▸ ACTION ITEM
Please output exactly the lines from the one that holds "A happy young" through the final line of the data, and nothing else; leave out any pictures.

(Scraped caption text data)
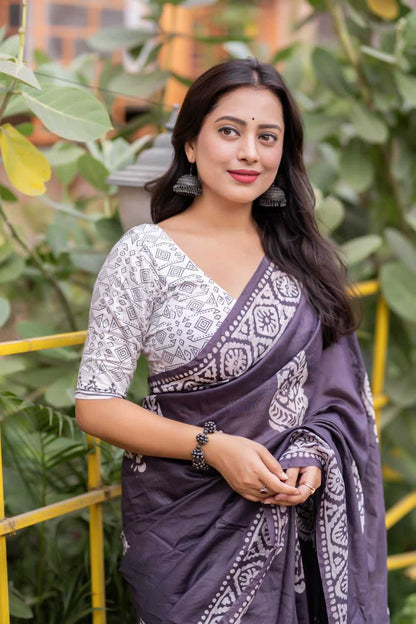 Woman wearing a traditional saree with a white blouse and purple saree in an outdoor setting.
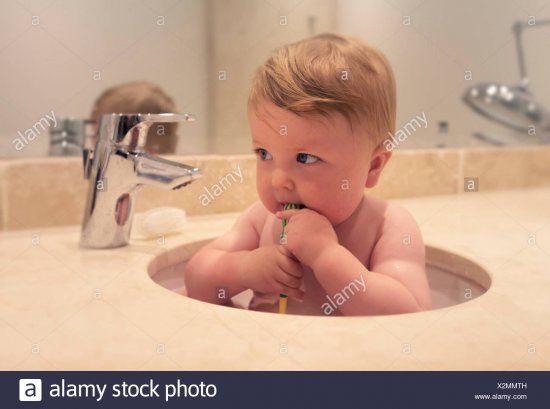baby-boy-sitting-in-a-sink-brushing-his-teeth-X2MMTH.jpg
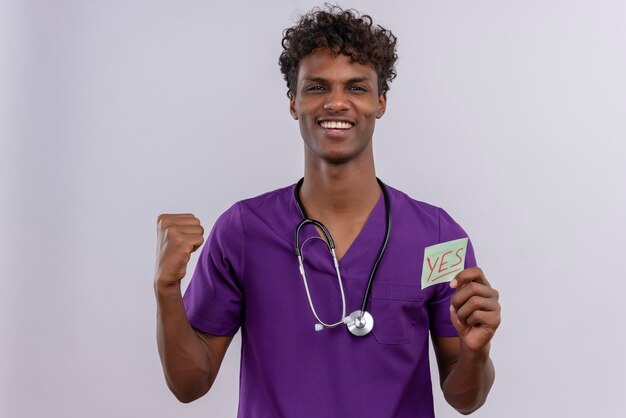 A happy young handsome dark-skinned male doctor with curly hair wearing violet uniform with stethoscope showing a paper card with the word yes 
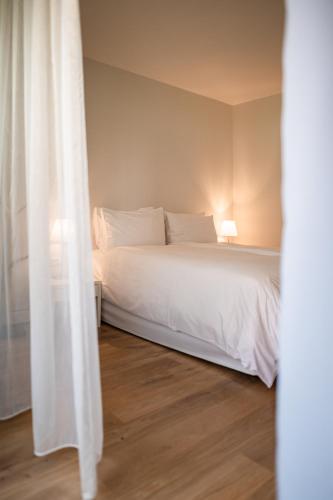 a white bed in a room with a window at Design Hotel Tyrol in Rablà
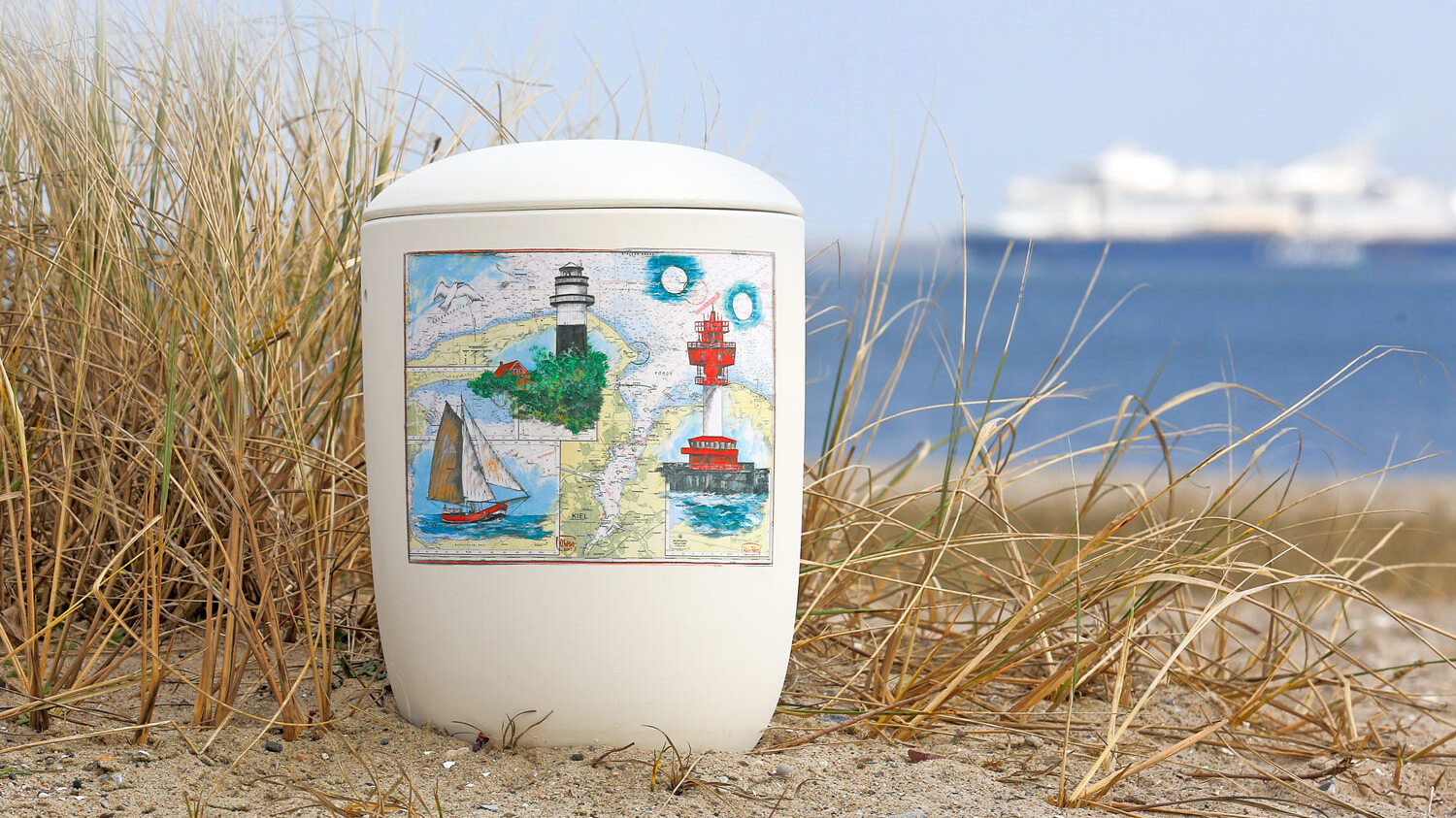 Abfallbehälter mit maritimer Illustration steht im Sand vor einer Küstenlandschaft und Meer im Hintergrund.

▸ WRITTEN RESPONSE
 A happy young handsome dark-skinned male doctor with curly hair wearing violet uniform with stethoscope showing a paper card with the word yes 
 a white bed in a room with a window at Design Hotel Tyrol in Rablà
 Abfallbehälter mit maritimer Illustration steht im Sand vor einer Küstenlandschaft und Meer im Hintergrund.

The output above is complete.